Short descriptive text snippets

==============================

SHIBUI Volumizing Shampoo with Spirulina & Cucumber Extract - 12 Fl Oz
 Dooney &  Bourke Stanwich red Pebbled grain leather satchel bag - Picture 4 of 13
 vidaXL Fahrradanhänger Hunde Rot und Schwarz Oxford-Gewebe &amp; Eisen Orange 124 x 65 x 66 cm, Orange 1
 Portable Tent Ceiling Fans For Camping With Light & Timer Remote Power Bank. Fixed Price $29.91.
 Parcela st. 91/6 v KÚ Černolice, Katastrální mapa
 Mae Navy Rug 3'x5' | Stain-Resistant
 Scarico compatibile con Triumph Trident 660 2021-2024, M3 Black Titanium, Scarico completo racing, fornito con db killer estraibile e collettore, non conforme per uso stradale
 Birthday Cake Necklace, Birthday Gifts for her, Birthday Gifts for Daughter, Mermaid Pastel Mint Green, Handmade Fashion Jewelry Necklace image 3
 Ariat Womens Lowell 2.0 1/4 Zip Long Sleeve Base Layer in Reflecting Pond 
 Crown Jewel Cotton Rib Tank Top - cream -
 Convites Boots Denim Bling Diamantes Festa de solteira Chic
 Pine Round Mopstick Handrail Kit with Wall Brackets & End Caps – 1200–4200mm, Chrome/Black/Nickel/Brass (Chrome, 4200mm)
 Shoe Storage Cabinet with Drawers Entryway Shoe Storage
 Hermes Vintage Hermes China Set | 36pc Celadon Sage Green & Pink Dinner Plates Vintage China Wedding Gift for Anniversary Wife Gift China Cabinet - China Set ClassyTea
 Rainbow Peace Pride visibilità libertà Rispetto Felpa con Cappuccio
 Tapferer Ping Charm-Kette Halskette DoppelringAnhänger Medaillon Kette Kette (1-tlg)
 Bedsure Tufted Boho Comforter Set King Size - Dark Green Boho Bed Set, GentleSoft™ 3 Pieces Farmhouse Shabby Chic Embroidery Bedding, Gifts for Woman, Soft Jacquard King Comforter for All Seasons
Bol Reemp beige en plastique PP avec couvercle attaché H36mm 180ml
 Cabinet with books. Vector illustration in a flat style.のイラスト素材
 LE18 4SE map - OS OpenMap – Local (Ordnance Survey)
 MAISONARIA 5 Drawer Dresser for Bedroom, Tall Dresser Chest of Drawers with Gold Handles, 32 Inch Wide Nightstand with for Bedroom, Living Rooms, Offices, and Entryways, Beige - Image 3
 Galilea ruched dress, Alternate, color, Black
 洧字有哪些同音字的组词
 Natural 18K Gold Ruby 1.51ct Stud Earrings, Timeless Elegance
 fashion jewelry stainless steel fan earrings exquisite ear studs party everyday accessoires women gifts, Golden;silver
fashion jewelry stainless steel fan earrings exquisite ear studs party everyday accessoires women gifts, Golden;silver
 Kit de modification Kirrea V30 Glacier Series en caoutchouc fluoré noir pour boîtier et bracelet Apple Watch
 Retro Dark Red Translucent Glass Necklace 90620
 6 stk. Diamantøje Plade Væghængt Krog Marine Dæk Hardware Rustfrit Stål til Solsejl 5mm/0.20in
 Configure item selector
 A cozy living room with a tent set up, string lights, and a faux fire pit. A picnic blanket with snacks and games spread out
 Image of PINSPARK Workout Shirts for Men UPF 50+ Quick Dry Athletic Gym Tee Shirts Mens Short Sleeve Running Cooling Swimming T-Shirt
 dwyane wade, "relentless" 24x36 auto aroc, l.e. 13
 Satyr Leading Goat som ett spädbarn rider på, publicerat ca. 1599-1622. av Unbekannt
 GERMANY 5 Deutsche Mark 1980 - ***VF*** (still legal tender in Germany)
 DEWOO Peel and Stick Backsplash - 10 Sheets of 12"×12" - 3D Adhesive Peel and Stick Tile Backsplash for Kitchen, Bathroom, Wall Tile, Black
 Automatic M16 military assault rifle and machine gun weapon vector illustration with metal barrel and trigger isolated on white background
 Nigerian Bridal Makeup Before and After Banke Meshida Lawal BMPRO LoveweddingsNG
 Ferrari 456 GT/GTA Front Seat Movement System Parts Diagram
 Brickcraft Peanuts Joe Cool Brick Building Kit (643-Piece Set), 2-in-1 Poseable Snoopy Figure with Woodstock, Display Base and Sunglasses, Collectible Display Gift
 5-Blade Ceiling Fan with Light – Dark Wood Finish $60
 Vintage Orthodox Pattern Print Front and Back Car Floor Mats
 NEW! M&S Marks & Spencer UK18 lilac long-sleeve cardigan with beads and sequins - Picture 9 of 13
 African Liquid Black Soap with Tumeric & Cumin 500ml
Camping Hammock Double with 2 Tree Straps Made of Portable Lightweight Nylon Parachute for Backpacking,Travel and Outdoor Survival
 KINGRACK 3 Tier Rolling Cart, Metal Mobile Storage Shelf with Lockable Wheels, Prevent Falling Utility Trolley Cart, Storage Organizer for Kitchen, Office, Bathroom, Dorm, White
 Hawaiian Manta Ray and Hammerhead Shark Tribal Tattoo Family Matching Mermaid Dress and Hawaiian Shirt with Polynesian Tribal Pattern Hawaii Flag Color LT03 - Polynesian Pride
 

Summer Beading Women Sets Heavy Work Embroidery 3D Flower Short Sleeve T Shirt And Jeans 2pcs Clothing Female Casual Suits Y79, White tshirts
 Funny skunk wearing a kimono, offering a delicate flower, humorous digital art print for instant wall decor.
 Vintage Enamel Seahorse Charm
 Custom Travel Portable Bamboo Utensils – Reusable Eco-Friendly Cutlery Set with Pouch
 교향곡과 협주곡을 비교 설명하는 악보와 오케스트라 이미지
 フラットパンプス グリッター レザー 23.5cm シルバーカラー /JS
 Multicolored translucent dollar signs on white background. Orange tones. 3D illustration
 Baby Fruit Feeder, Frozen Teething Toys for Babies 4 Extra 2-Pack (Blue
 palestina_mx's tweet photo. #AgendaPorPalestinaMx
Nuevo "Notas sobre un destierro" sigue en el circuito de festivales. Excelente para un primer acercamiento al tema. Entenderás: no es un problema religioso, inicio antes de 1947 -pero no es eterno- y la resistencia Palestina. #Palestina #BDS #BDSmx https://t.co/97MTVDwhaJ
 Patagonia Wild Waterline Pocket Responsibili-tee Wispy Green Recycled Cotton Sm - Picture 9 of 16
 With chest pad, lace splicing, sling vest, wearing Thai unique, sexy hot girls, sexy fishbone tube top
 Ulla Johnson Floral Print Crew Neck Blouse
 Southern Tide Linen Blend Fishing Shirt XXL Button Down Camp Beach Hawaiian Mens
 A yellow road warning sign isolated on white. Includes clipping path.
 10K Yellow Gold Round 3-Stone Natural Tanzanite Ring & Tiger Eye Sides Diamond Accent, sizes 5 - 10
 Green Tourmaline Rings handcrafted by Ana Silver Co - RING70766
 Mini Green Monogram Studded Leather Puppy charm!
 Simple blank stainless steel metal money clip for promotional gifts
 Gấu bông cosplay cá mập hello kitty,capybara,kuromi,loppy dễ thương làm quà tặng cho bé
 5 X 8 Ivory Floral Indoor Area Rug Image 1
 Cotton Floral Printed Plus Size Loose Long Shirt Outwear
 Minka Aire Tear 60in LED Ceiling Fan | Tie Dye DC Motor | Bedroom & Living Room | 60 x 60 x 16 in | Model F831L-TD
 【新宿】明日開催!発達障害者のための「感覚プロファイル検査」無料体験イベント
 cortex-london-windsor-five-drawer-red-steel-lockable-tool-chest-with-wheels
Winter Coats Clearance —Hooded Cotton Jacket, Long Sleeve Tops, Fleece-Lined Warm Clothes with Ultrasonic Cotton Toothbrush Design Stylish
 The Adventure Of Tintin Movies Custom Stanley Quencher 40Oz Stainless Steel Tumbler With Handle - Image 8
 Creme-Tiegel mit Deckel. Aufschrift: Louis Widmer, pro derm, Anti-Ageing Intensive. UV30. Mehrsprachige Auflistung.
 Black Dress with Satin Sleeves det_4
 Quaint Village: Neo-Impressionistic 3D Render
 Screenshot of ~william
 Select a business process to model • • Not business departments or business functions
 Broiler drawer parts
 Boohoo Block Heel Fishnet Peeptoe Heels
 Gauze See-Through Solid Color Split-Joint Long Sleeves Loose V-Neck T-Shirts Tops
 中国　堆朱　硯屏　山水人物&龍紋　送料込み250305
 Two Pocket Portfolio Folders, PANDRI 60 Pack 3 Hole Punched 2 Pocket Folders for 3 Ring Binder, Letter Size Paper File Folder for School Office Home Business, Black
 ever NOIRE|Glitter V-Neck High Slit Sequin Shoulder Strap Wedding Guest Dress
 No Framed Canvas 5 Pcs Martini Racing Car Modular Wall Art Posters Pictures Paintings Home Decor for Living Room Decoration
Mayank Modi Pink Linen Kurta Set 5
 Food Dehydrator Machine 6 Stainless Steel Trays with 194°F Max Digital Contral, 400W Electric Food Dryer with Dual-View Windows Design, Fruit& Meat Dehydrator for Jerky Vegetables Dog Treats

==============================

WORK INSTRUCTIONS
Repeat, exactly as they stand above, the lines from the line with "Patagonia Wild Waterline" to the line with "A yellow road", both lines included.

SOLUTION BELOW
 Patagonia Wild Waterline Pocket Responsibili-tee Wispy Green Recycled Cotton Sm - Picture 9 of 16
 With chest pad, lace splicing, sling vest, wearing Thai unique, sexy hot girls, sexy fishbone tube top
 Ulla Johnson Floral Print Crew Neck Blouse
 Southern Tide Linen Blend Fishing Shirt XXL Button Down Camp Beach Hawaiian Mens
 A yellow road warning sign isolated on white. Includes clipping path.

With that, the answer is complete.